- Task item -
Below are records; count how many of their lines contain the word "Apartments" and give the number alone.

- Records -
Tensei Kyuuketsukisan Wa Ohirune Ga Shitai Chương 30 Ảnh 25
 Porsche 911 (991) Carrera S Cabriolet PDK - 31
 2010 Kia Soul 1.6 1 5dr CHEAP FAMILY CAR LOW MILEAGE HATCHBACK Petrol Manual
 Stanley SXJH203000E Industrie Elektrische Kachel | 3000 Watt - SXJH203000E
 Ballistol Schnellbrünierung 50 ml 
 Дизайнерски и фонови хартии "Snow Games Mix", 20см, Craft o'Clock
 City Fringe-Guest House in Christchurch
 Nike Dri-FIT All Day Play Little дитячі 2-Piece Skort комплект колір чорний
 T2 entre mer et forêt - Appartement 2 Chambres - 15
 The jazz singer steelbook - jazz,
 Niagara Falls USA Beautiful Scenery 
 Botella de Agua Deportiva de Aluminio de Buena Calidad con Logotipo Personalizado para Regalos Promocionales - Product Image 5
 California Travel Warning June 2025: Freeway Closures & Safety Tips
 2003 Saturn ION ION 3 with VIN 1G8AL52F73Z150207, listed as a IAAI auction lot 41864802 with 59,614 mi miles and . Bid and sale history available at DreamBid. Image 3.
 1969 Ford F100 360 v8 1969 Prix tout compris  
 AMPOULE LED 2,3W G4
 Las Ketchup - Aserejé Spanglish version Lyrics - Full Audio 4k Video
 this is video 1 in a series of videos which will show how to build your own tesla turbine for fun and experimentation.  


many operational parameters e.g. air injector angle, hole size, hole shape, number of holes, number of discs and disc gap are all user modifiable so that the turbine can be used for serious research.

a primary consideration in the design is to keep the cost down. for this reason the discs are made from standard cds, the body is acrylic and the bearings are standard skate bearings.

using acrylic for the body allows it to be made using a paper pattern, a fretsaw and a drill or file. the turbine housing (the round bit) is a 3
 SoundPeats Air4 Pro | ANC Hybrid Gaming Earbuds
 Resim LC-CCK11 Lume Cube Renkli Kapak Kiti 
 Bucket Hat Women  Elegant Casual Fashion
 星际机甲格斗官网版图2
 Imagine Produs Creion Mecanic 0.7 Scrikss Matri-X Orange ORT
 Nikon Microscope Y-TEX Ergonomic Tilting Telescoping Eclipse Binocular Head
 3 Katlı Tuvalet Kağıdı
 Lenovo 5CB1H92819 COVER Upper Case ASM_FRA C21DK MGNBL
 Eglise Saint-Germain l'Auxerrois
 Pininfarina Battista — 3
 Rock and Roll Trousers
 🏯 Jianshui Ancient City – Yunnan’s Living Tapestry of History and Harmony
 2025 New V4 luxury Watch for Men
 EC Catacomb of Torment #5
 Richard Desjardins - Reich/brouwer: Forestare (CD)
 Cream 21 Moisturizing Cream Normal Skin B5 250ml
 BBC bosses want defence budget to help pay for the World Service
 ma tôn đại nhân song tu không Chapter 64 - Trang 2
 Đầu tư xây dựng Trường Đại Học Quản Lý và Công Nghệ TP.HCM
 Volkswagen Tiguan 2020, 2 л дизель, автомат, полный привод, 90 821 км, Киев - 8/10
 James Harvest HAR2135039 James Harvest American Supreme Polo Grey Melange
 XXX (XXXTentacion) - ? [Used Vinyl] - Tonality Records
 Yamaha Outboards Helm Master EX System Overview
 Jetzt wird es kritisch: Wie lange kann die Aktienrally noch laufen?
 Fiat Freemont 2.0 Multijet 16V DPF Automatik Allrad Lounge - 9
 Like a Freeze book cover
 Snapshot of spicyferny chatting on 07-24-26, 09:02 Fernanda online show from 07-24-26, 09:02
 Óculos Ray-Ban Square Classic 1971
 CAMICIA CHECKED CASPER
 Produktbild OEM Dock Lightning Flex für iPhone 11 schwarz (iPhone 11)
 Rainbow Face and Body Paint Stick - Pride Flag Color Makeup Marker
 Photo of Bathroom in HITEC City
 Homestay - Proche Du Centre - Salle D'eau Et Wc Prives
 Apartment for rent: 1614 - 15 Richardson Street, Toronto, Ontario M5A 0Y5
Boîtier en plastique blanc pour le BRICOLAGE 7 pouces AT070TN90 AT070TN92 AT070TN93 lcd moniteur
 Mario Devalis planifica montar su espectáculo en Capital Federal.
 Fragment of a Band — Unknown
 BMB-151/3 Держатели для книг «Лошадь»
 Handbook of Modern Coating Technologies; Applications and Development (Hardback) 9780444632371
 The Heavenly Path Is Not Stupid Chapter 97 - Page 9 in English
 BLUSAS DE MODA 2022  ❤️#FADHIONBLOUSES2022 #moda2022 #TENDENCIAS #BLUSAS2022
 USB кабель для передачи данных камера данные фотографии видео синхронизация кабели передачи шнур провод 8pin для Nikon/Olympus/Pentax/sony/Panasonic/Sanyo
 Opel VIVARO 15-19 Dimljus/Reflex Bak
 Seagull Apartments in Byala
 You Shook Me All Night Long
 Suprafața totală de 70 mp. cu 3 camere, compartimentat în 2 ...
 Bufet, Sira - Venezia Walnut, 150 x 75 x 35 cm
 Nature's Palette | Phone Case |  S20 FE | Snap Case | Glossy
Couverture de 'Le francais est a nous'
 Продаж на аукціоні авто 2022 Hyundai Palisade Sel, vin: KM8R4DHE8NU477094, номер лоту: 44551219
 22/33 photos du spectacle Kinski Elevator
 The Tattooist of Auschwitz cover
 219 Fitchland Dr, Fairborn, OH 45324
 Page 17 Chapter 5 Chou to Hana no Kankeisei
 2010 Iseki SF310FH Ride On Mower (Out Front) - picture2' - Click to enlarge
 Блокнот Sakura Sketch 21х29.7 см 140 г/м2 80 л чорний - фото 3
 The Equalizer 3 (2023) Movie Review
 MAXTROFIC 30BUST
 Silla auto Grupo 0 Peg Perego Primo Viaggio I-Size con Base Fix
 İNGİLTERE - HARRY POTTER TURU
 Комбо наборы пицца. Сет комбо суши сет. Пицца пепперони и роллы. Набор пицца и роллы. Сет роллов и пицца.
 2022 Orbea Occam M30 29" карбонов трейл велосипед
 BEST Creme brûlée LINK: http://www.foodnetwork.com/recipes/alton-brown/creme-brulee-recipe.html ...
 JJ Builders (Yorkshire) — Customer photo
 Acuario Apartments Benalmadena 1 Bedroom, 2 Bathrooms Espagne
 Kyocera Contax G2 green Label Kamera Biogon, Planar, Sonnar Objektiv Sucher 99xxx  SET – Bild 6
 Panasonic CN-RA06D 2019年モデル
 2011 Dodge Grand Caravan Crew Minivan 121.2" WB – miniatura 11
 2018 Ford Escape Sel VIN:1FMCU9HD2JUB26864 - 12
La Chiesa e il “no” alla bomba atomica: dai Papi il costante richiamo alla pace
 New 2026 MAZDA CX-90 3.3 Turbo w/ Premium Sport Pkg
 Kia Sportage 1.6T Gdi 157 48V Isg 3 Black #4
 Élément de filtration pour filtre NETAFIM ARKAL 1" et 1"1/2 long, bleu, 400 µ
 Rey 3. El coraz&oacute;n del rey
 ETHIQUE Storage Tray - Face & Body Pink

- Response -
2